1 In the late 1960's I became a small molecule crystallographer using
crystallography to better understand drug design and action in the cancer
field. When I was 10, my grandfather died of cancer, and I dreamed one
day of discovering a drug to treat the disease.
2 There was only one problem; I had no funds to take a sabbatical trip
to Cambridge. Through a most unlikely source did such funds appear. After
failing for five years with four NIH proposals turned down to study structure-based
drug design for sickle cell anemia. I had lost my group and was depressed.
During a short three- story elevator ride to my laboratories in Salk Hall
at the University of Pittsburgh, a chemical-delivery man, Bob Heflin,
noticed my depression and asked me what as wrong. I told him I had lost
all my grants trying to pursue designing a drug to treat sickle-cell anemia.
Bob said he could help me. Not wanting to be unkind, I took him down to
my office and showed him a 5,000-atom structure of hemoglobin and picked
up a peptide. I told Bob to pretend the hemoglobin was the moon and the
peptide a spaceship. If we could design the spaceship to land at this
point on the moon, we could beat this disease. He said again, "I can help."

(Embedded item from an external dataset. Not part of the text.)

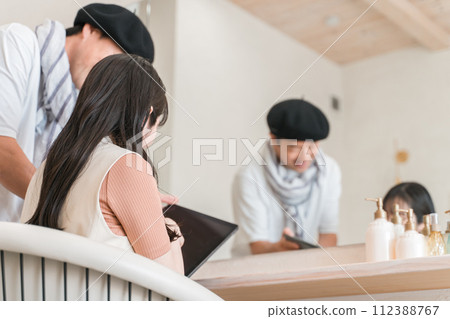 Male hairdresser handing a tablet to a female customer at a beauty salon (e-book, questionnaire, menu, accounting) 112388767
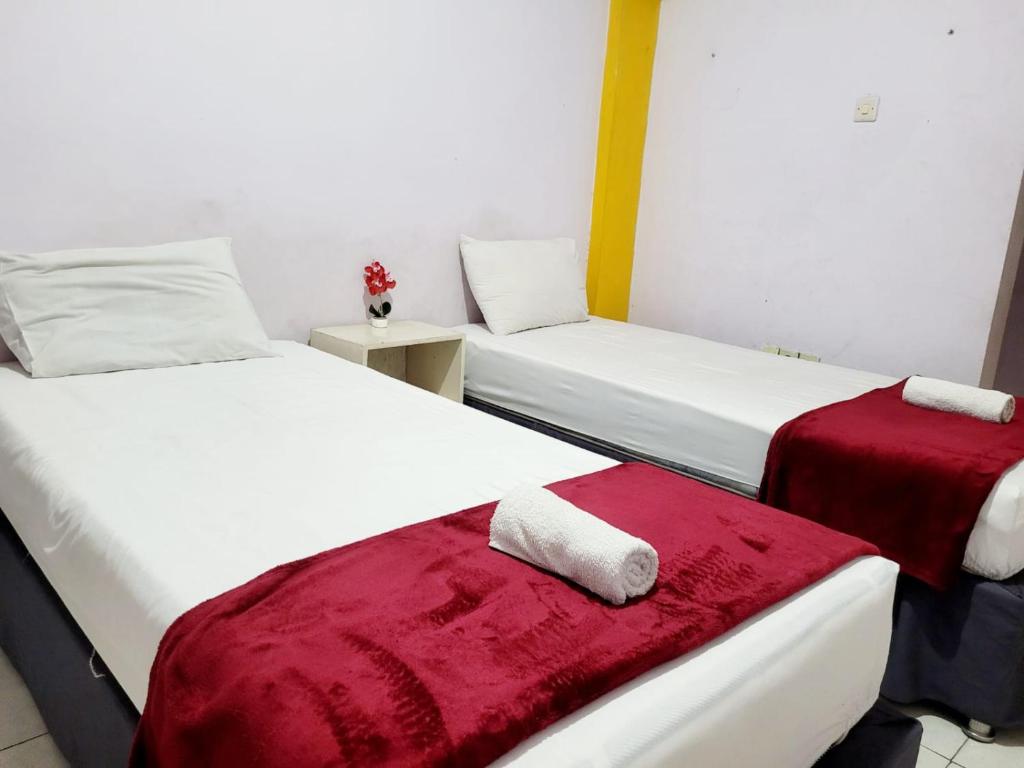 2 camas en una habitación con sábanas rojas y blancas en Wisma Gahalta by Fans en Karawang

I said, "How?" Bob introduced me to the Pittsburgh Sickle Cell Anemia
organization, and I had in one day a Heinz fellowship to go work with
Max. And -- I ended up in the Pittsburgh Pirate (baseball) dugout to receive
the first of $20,000 for research from Willie Stargell, the famous first
baseman who had organized the black athletes in the National Baseball
League.
3 My poor wife stayed at home through a very cold and snowy winter taking
care of everything, including transporting one of my three high school
aged sons 18 miles each way three days a week to train with the university
swim team.
4 Another amazing example of Max's mentorship and love forwarding science
happened in 1982. I was on my way home to Pittsburgh when Max said, "Here
is a ticket to go to Paris and meet Claude Poyart. You should start collaborating
with him." This collaboration turned out to be helpful in the development
of a clinically viable allosteric effector. Unfortunately, Claude passed
away about a year before Max.
5 Steve Hoffman, the founding CEO of Allos Therapeutics (the company started to advance our hemoglobin allosteric effector), has told me on several occasions that Max changed his life profoundly but is disappointed he never got to tell Max how much he influenced his life. Steve and another professor from the University of Colorado started the blood substitute company, Somatogen, in the early to mid 1980s. It is now owned by Baxter. Somatogen was founded using the technology that came out across the bench from me via Kiyoshi Nagai. So two new biotechnology companies came from Max's two small benches!